Where were we? The base was done but the top needed attention.
Nature did most of the heavy lifting on the tabletop. I just needed to position the grain correctly and concentrate on tight joinery. The only downside of these gorgeous slabs was their thickness: at only 13/16′ or so, I needed some creativity to beef up the profile look. The boards just didn’t look weighty enough to marry with the base. After much contemplation, I devised the scheme below. I’d take advantage of the boards being 8′ long and 24″ wide. We clearly didn’t need (nor could we fit) an 8′ long, 48″ wide table. This meant I could use the extra length and width to trick the eye.
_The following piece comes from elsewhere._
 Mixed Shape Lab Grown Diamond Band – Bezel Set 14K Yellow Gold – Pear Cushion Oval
By making cuts as described above I could create a side profile “bookmatch” and an end grain “bookmatch” on the ends (spoiler alert: the end grain bookmatch was a bust but the side profile was perfect). With the plan in place, I just needed to know how much to trim during Cut(s) 1. So, using the box from a big screen TV, I mocked up the final size and placed it on our existing dining table. With dimensions in hand I took a red lumber crayon to the wood marking triangles so I knew how to put it back together for the bookmatch.
After installing a new rip blade for my tracksaw, and lots of flipping these massive boards back and forth, I knew all my head scratching had paid off.
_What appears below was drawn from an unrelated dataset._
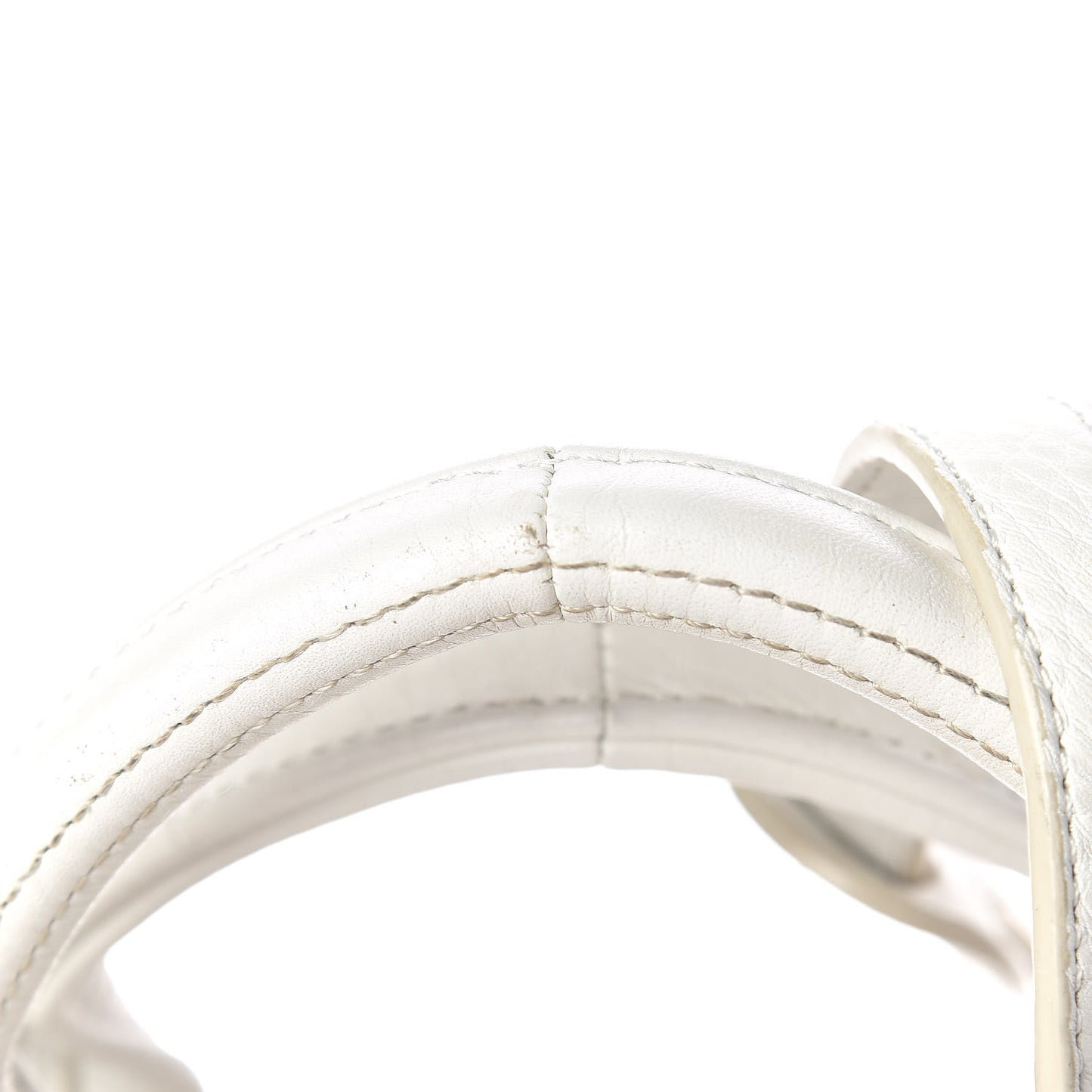 Pebbled Lambskin Rocco Duffel White Iridescent Hardware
Now I had to get a little bit of twist out of the two boards. I started with a new Lie-Nielsen “8 and the longer workbench I made for our community shop several years ago.
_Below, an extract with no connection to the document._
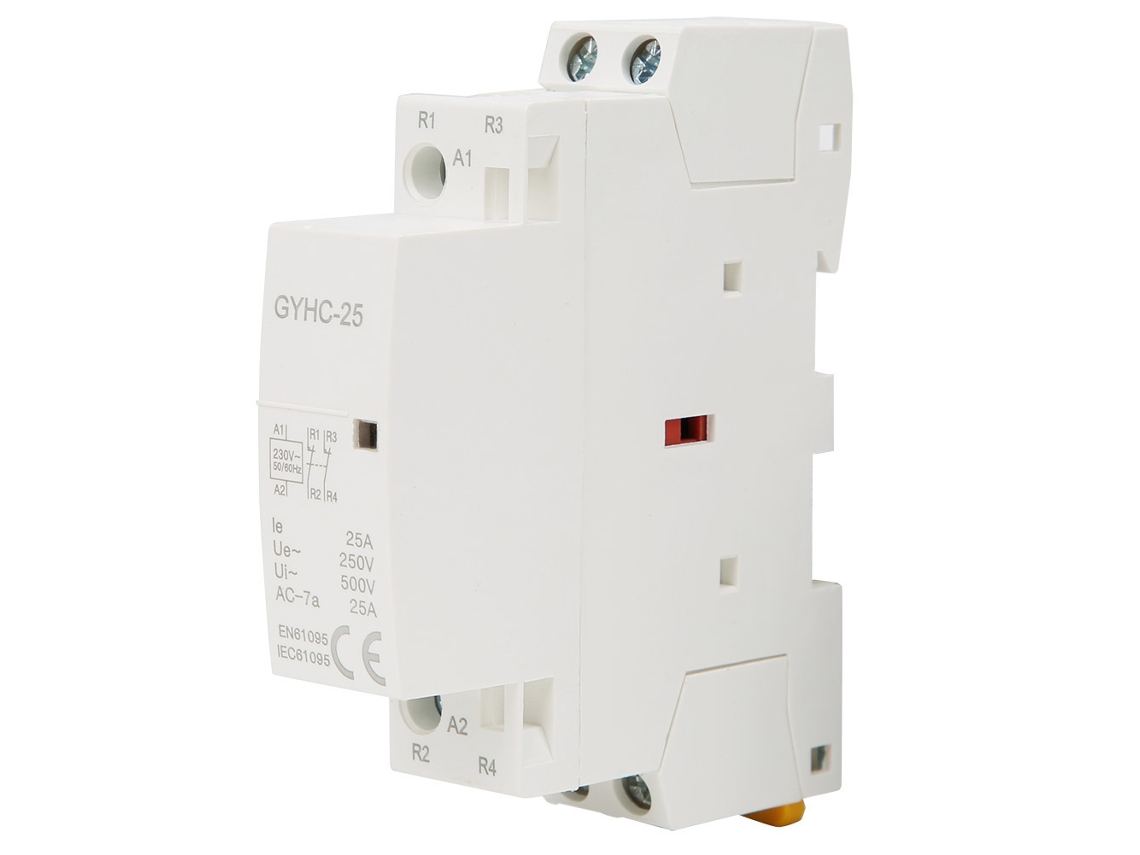 Contactor De Ca 2p 25a 50hz Mini Residencial Con Montaje En Carril Din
With one side flat (or so I thought), I contacted the community member who operates our CNC. Before you take away my hand tool card, hear me out. Some of the grain was quite gnarly, which makes for a pretty face but difficult planing. Here’s what it looked like on the CNC table.
Although the CNC made short work of flattening, it also caused a problem. My initial hand planing hadn’t been as precise as I’d like. I think the Naked Workbench (i.e. 2×12’s right off the rack from Lowes) design hurt me a bit here. You see, like Mike Siemsen recommended, I never flattened the bench; I just wanted to get to the good stuff. Fast forward 2 – 3 years later, and my reference service wasn’t flat at all. Therefore, although my winding sticks appeared to be coplanar, there was still quite a bit of twist in one of the boards. This cause a slight misalignment when we flipped the board around on the table. The second board came out perfectly because we clamped it down to the CNC surface very tightly. I had to go back to the hand planes anyway to remove the 1/16″ discrepancy you see in the final picture. Lesson learned.